Designing & Building Schools: A Background in Institutional Design

4/11/2014

In Bill Beyer's 42 year career as an architect, he's been fortunate to design many school buildings, serving students from kindergarten through graduate school. From classrooms to athletic facilities, science laboratories, libraries and more, each type of space can pose a unique design challenge.

His first school design was the renovation and expansion of a 100-year-old, abandoned historic school building in Flint, Mich. in 1978. The firm he worked for won a national competition sponsored by the Charles Stuart Mott Foundation, and they were able to work extensively with the inner-city community to create a new prototype for Flint’s Community School concept.

They worked with futurists, artists, parents, students, teachers and community leaders to create a sense of ownership in the design process and the final product. About the same time, he was part of a team that designed a new high school on the Pine Ridge Indian Reservation at the edge of the Badlands in South Dakota. The move from an inner-city community to a rural, isolated community was quite an adventure.

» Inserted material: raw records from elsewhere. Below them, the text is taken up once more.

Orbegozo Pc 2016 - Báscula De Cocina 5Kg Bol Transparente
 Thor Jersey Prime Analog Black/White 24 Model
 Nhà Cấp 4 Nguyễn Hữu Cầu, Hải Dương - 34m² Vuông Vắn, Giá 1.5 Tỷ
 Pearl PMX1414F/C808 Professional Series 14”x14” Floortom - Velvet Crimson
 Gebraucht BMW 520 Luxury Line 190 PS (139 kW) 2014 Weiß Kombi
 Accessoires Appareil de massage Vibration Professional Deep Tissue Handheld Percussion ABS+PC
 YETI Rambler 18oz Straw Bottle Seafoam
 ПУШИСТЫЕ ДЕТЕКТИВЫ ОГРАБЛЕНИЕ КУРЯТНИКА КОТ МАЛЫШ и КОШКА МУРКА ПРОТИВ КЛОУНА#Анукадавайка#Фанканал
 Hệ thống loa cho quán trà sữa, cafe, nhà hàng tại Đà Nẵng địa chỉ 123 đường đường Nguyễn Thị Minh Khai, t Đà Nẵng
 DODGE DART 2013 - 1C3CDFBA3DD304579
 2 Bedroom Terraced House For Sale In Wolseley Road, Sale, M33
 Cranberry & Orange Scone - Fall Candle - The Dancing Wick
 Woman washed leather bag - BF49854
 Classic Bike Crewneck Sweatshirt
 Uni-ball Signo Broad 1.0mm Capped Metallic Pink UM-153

At Opus, he recently completed expansions at Saint Thomas Academy and Visitation School both in Mendota Heights, Minn. At Saint Thomas we combined athletic venues and academic spaces, and at Visitation we created a new home for the Vis Robotics program and a Heart-of-the-School space that welcomes and nurtures students from pre-K to grade 12.

The cost and schedule certainties offered by our design-build project delivery approach made these projects happen more efficiently. The constant schedule coordination of our project managers ensured that school functions were minimally disrupted, and the construction sites were made safe for even the youngest children. The detailed attention to budgets stretched scarce dollars as far as possible.

In all these facilities, his greatest reward as an architect has been seeing the joy on the faces of the students, staff and teachers who get to inhabit and use their new spaces to learn, play and grow.